The VTS microcode controls the ADSM host recall data flow, which also fills the cache with premigrated data, by reducing the number of ADSM recall daemons (and therefore the number of tapes that can be recalled by ADSM). Using a throttling algorithm, VTS microcode sets the appropriate number of recall daemons that ADSM can use. In normal (not throttled) operation, VTS microcode sets the number of recall daemons to allow ADSM to recall up to n 1 physical volumes, where n is the number of 3590 drives in the VTS. At the maximum threshold, VTS microcode allows only one recall to occur at a time (the minimum number of recalls with which the ADSM can continue to operate).
The algorithm currently used to implement thresholding is linear. The time delay is zero at the minimum threshold and 120 seconds at the maximum threshold. The actual free space on the DASD is determined by a VTS microcode time poll. The time delay is linearly interpolated on the basis of the actual free disk space between the thresholds. Similarly, the number of simultaneous recalls allowed at the minimum threshold is n 2 (one less than when the VTS is not throttled). The number of simultaneous recalls allowed at the maximum threshold is one.
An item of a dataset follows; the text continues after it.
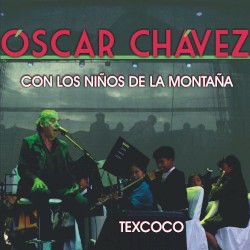 Óscar Chávez con los niños de la montaña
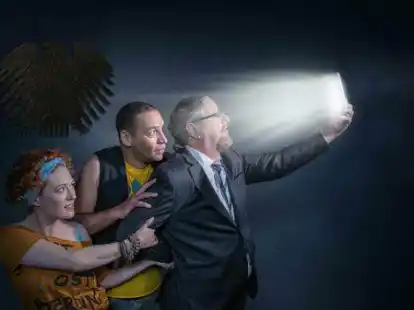 Nachts im Bundestag (v.l.) Nancy Spiller, Sebastian Wirnitzer, Stefan Martin M&uuml;ller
The number of recall daemons is linearly interpolated on the basis of free disk space.
In addition, when the amount of resident data reaches 30 GB from the top of the cache, the VTS starts a linear throttle on the amount of premigration data. This begins at zero and reaches a maximum value of two seconds if resident data fills the cache. This throttle establishes a minimum buffer of premigrated files in the VTS cache. These premigrated files can be migrated quickly, freeing space in cache. This buffer is intended to isolate the host write data flow from variations in the premigration data rate, which occur between virtual volumes and as physical tapes load and unload. This throttle is the predominant throttle in the VTS with the performance accelerator feature.
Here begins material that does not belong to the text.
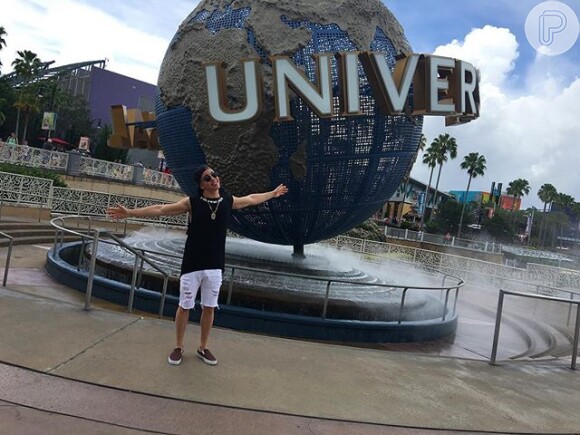 Biel está viajando nos Estados Unidos e já visitou os parques da Disney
The throttling mechanism results in two distinct modes of operation for the VTS: peak and steady state. Peak mode occurs when the majority of the virtual volumes in the cache are premigrated. The VTS allows the host to write data without any throttling until the minimum premigration throttle threshold is reached. During this period, data is premigrated to tape from the cache, but, typically, the premigration does not significantly reduce the host write rate. When the minimum premigration throttle threshold is reached, the VTS maintains a stable amount of premigrated data using the host write throttle. The host write rate is reduced to exactly match the premigration rate of the VTS. By reducing the host write rate, the premigration processes receive more system resources and run faster until the DASD is fully utilized. This throttling mechanism is used by the VTS microcode to self-optimize the data flow in the VTS.
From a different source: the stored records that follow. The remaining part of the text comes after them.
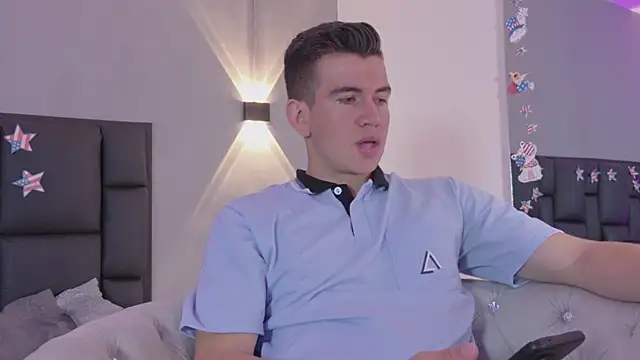 MikaelSlow online show from 07-10-26, 04:06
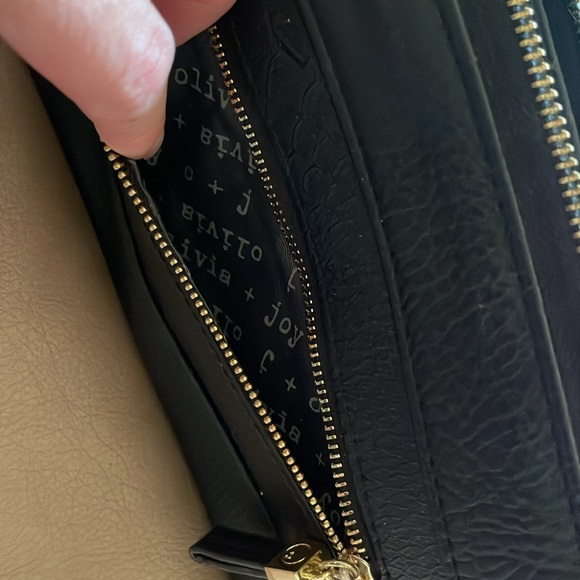 Olivia + Joy Wallet / Wristlet/ Clutch (new) - Picture 4 of 9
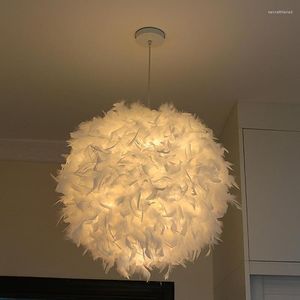 Pendant Lamps Feather Ceiling Lamp Modern E27 Holder Hanging Fairy Light Chandelier Bedroom Lampshade Bulb Girl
Another advantage of the VTS is better use of the cache because of its tighter control mechanism. If the VTS used the ADSM automigration client and suspended automigration while reconcile was running, several of the VTS configurations would end up overrunning their caches, even if they were empty at the start of the reconcile. The VTS, using its cache-control algorithm, requires so little free space that the larger cache models report the cache continually at 100% full and support continuous full-throughput operation.
Background process control
The VTS also self-optimizes background processes to minimize their impact on the user. Most customers use the VTS in a cyclic manner, with heavy batch use periods alternating with periods of much lower use. The VTS uses its microcode in conjunction with customer input through the LM to minimize the impact of these background processes on the customer's batch window.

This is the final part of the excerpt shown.